The Samuel Beckett Research Centre at the University of Reading is delighted to announce the appointment of two new Creative Fellows 2022-23: Claire-Louise Bennett and Simon Okotie.
Claire-Louise Bennett has written two acclaimed works of fiction. Her debut Pond was published by Fitzcarraldo Editions in 2015. It was shortlisted for the Dylan Thomas Prize in 2016. In 2022 the highly-anticipated novel Checkout 19 was a pick of the year in The Guardian, The Telegraph and the New Statesman. It was shortlisted for the Goldsmiths Prize. Her short story ‘Invisible Bird recently appeared in The New Yorker.

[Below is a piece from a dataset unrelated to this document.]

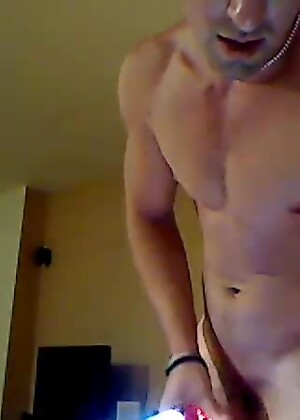 Young Lad Knuckle Shuffles Live Webcam Show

Claire-Louise studied drama and has worked extensively in theatre, often speaking of her admiration for Samuel Beckett’s plays. Beckett’s prose too has been a major influence. In an interview in The Guardian she remarks how reading Beckett gives her ‘a sense of space and a kind of an ease, almost; you know, I don’t know if there is any kind of meaning and I don’t like to get too attached to ideas anyhow. I’m quite able to sort of just hang in a way.’ We are very pleased that Claire-Louise has taken the opportunity to hang a bit more with Beckett by engaging with Reading’s world-renowned collection of his papers.

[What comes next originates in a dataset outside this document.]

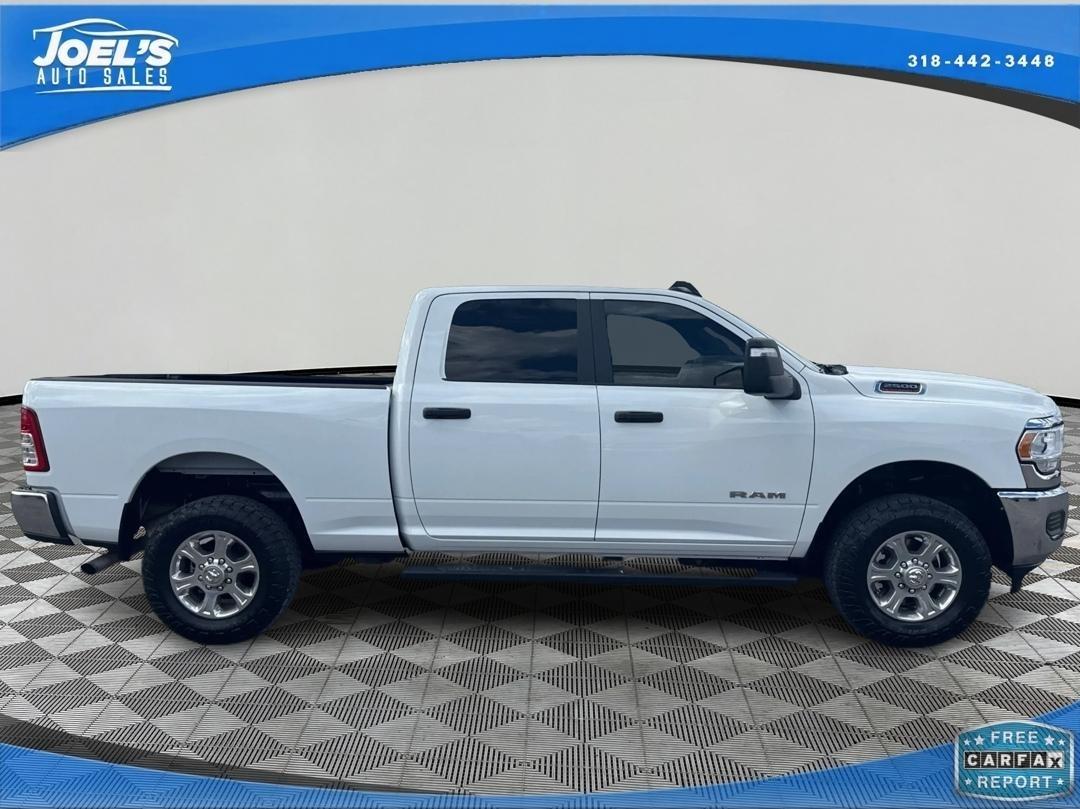 RAM 2500 Tradesman Crew Cab SWB 4WD 2023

Simon Okotie is a fiction writer and essayist. He is the author of Whatever Happened to Harold Absalon?, In the Absence of Absalon, and After Absalon, an acclaimed trilogy of novels, all published by Salt. In the Absence of Absalon was longlisted for the 2018 Republic of Consciousness Prize. Simon’s work has appeared in gorse, 3:AM Magazine, Firmament and The White Review. ‘Two Degrees of Freedom,’ a short story, is published by Nightjar Press. ‘Bindings’ was selected for the Best British Short Stories 2021 anthology.
Of the protagonist of Whatever Happened to Harold Absalon? Blake Morrison notes in the London Review of Books that ‘There’s a touch of Charlie Chaplin about him, or of John Cleese, as mediated by Beckett’. Okotie readily acknowledges the influence of Beckett on his work, and in particular the later short prose and ‘closed space’ pieces. The TLS has drawn attention to Simon’s ‘obsessive attention to the miraculous geometries of human movement’ and this is just one way in which his writing shows an affinity with Beckett’s. Simon is currently completing a novel and a collection of essays. We are very much looking forward to having him with us over the next year.

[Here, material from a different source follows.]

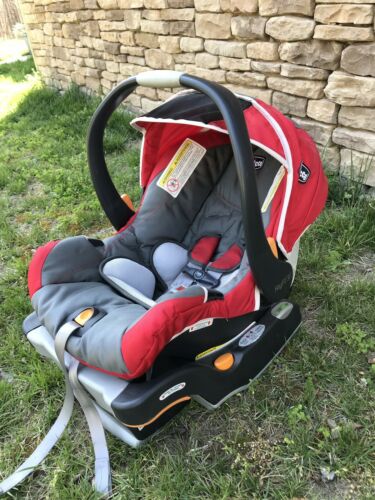 Chicco KeyFit 30 Infant Car Seat and Base EXP APR2021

Over the course of their year-long Fellowships, Claire-Louise and Simon will engage with the contents, history and spaces of the world-leading archive relating to Samuel Beckett’s work which is held at the University’s Special Collections. Supported by colleagues at the Samuel Beckett Research Centre, through this engagement with the archives they will produce new creative work, to be premiered at the end of their time with us. Claire-Louise and Simon follow our previous fellows, Hannah Khalil, Duncan Campbell, Eimear McBride, and novelist Robert McCrum and composer Tim Parkinson, in accepting a Creative Fellowship at the Centre. We are very excited about the opportunity to work with them.